Scores of writers and journalists in Turkey are in prison, whilst many more are on trial. PEN members worldwide have become increasingly concerned about what is happening to our fellow writers and restrictions on freedom of expression in Turkey.
In September 2013, some of the most prominent of these writers faced further trials as part of the Koma Civakên Kurdistan (Group of Communities in Kurdistan) (KCK) case. Some of them have been detained for almost four years pending trial, and all are facing long prison terms if they are convicted.

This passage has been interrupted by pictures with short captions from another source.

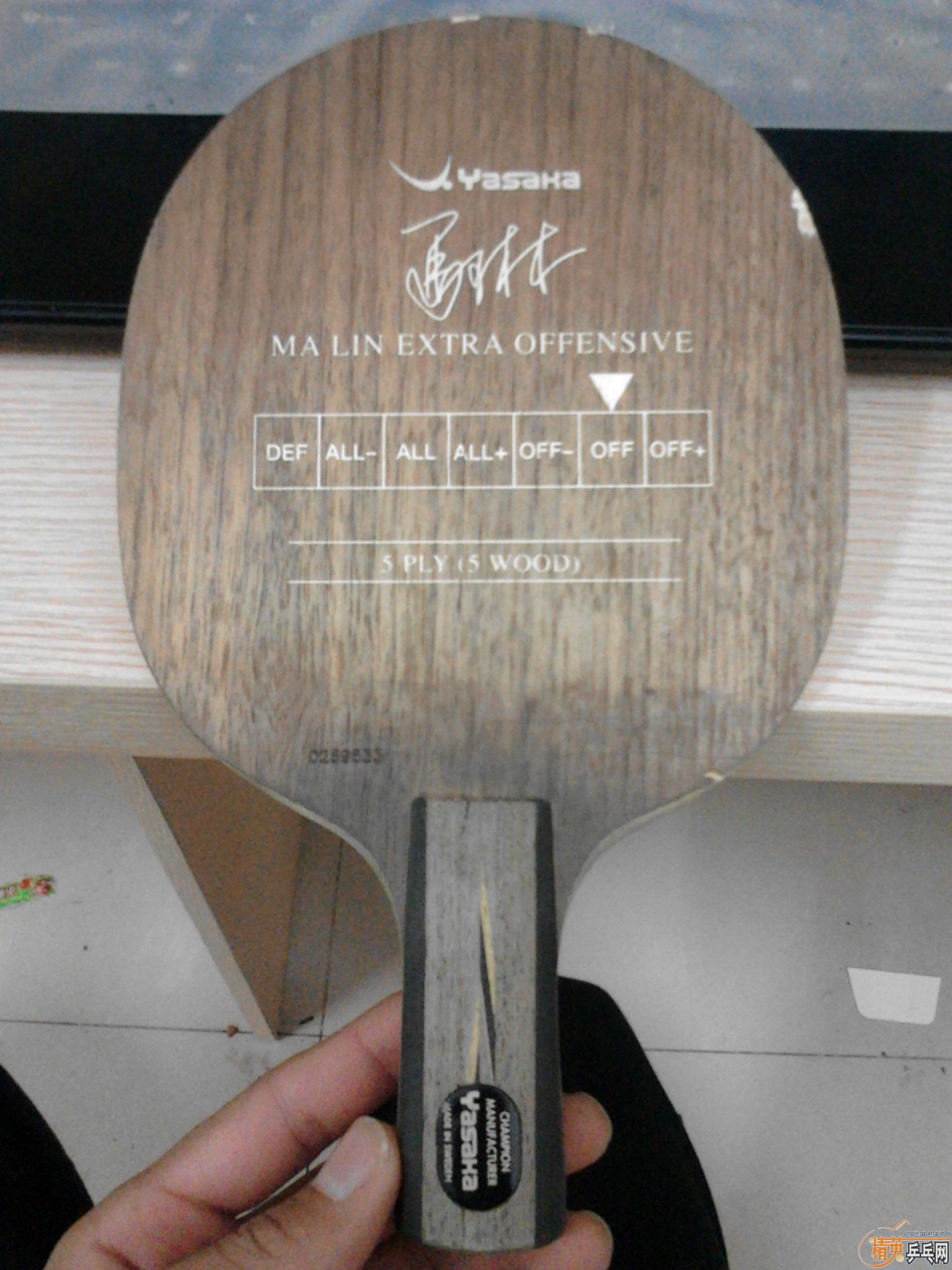 ����������̼  ����YEO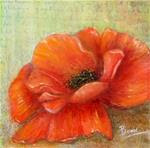 "French Poppy" - Posted on Friday, January 9, 2015 by Maureen Bowie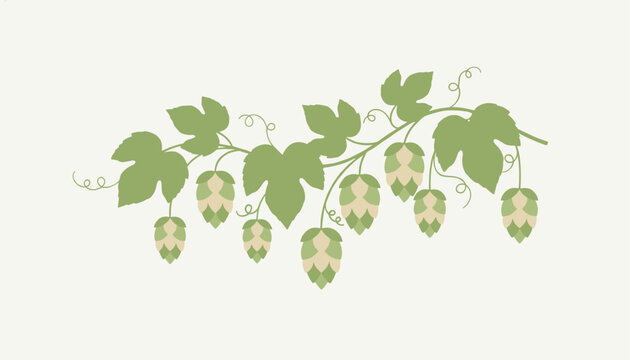 Hop vine illustration with green leaves, curling tendrils, and ripe hops cones against a warm cream background.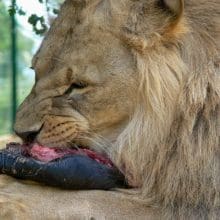 male lion eating 01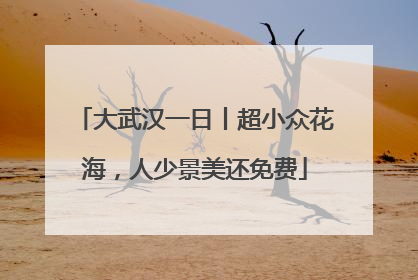 大武汉一日丨超小众花海，人少景美还免费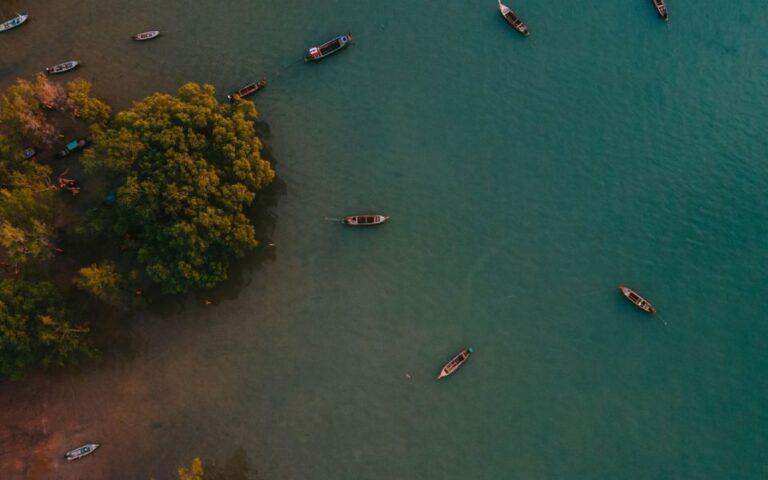 Krabi: Kayaking Ao Thalane and Khaothong Hill Café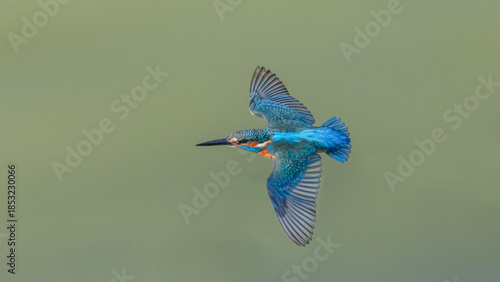 Common Kingfisher flying.
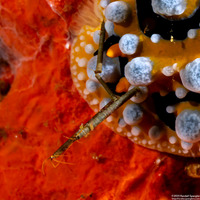 Cerapus sp.1 (Cannolipod)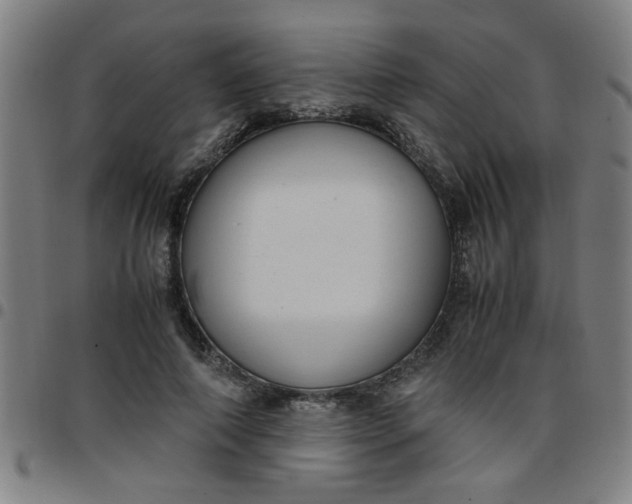 X0000097460690200803071631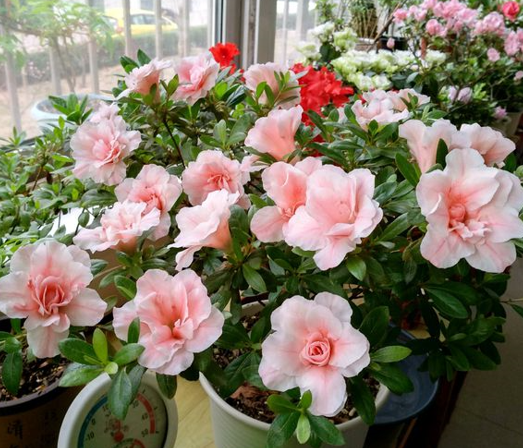 杜鵑花喜溼度大，噴水只會起到“反作用”，教你3個加溼方法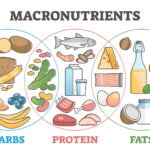 Macronutrients benefits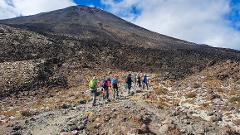 North Island Adventure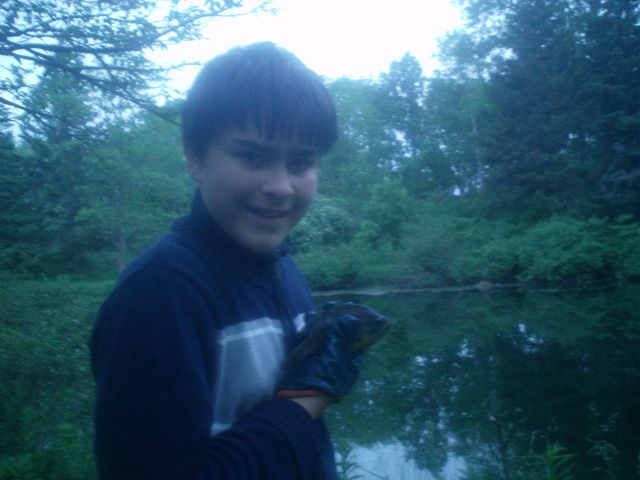 bluegill at mount pleasent ponds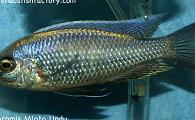 Copadichromis mloto undu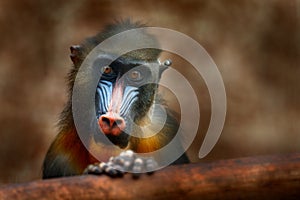 Mandrill, Mandrillus sphinx, primate monkey, sitting on tree branch in dark tropic forest. Animal in nature habitat, in forest. De photo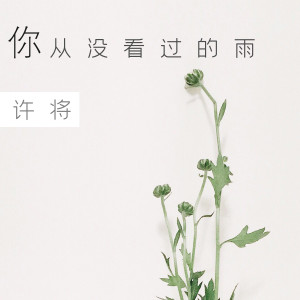 收聽許將的你從沒看過的雨歌詞歌曲
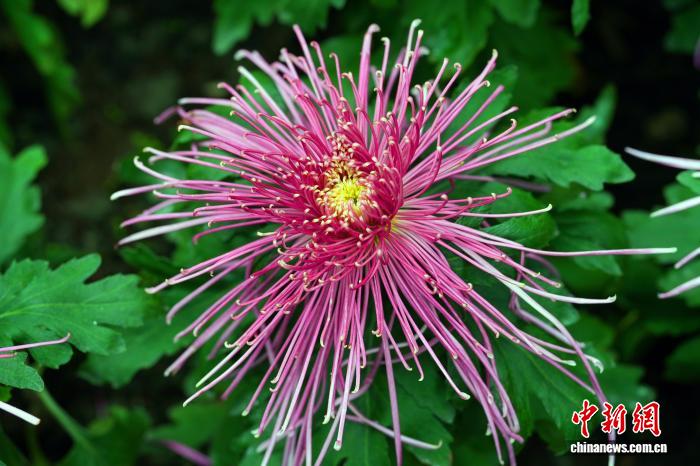 四川成都:700余种菊花亮相引游人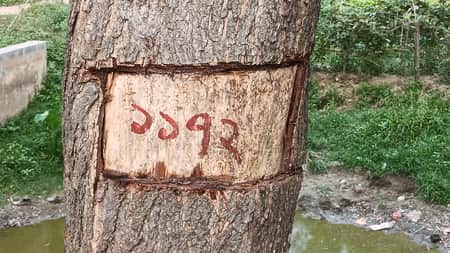 ‘মৃত্যুর’ নাম্বার পড়েছে ১৫ হাজার গাছে! tree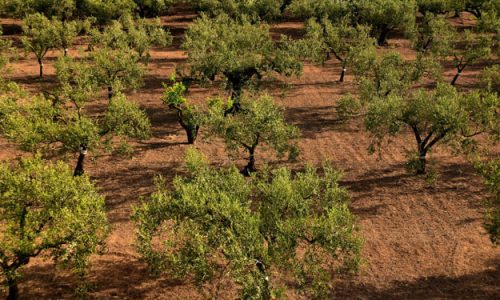 BIO IN SICILY: PESCA, TURISMO E AGRICOLTURA SOSTENIBILE, NELL’ISOLA PIÙ A SUD D’ITALIA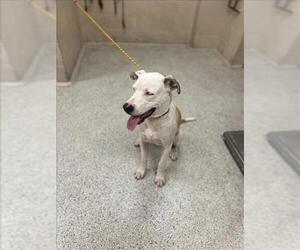 American Pit Bull Terrier-Unknown Mix Dogs for adoption in Conroe, TX, USA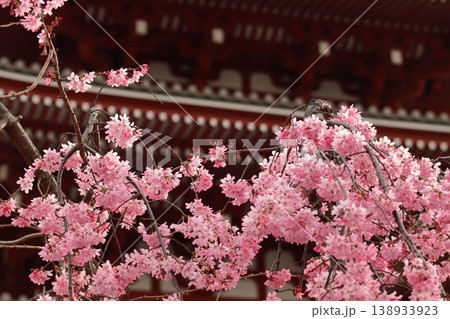 満開の桜と浅草寺宝蔵門 東京の観光地 満開の桜と浅草寺宝蔵門 東京の観光地 138933923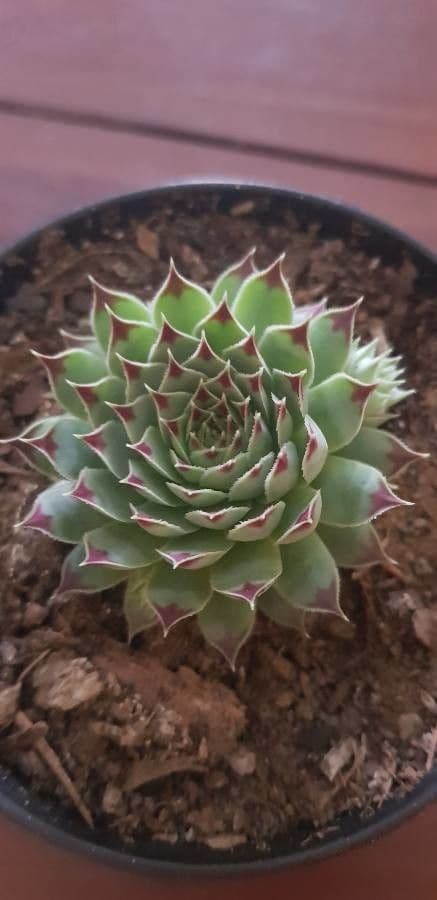 Semprevivo maggiore 14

Respect for freedom of expression, and the right to meet peacefully to debate and exchange ideas is clearly not a high priority for the government in Turkey. This became even more apparent during the protests earlier this year following the forced dismantlement of the "Occupy Gezi" site in Istanbul's Taksim Square, which spread to cities across Turkey. Meanwhile, the exceptionally heavy sentences meted out in the Ergenekon case in early August 2013 has led to further concern about the fairness of trial conditions in Turkey, concerns that are also present in the KCK trial.
PEN Centres are being asked to take action for writers who faced hearings in September 2013. This paper provides an outline of the trials and suggestions for action.
PEN Centres are asked to take part in some of the activities below during September 2013. The suggested activities can be carried out by both large and small Centres. You should select activities that suit your capacity and resources. Please keep us informed of any actions you take in regard to these cases, including any responses from the Turkish authorities. Please let us know of any activities you take. Email: [email protected]
9 – 20 September
KCK Academies Hearing
PEN Cases: Busra Ersanli, Deniz and Ragip Zarakolu, Ayse Berktay and Mulazim Ozcan, Silivri, Istanbul
PEN Case: Muharrem Erbey Diyabakir
25 to 27 September
KCK Press Wing
Includes PEN case: Zeyneb Kuray Silivri, Istanbul
Letters of appeal
Letters of appeal should be sent while the September trial hearings are under way between 9 and 27 September. An update on those trial outcomes will be issued with guidance for action on further hearings.
Send letters of appeal to the Turkish authorities urging that they:
- Undertake an immediate review of all cases of writers, publishers and journalists to ensure that none is being penalized for the legitimate practice of his or her right to peaceful freedom of expression and association.
- Release all those currently detained, imprisoned or facing prosecution solely for the peaceful exercise of their right to freedom of expression.
- Reform the Anti-Terror Law to protect freedom of expression, especially Articles 6 and 7, which are often misused to prosecute writers, publishers and journalists. The Act remains the most serious threat to freedom of expression in Turkey.
- Revise the Penal Code Articles that have been used to launch court cases over legitimate political comment or speech.
Mr Sadullah Ergin
Minister of Justice
Fax: 00 90 312 419 3370
Email: [email protected]
Write articles or letters for your local and national media, and for your own blogs and websites, to help raise awareness of these cases.
For Centres active on social media, please share information about these trials with your contacts on Facebook, Twitter and other social media.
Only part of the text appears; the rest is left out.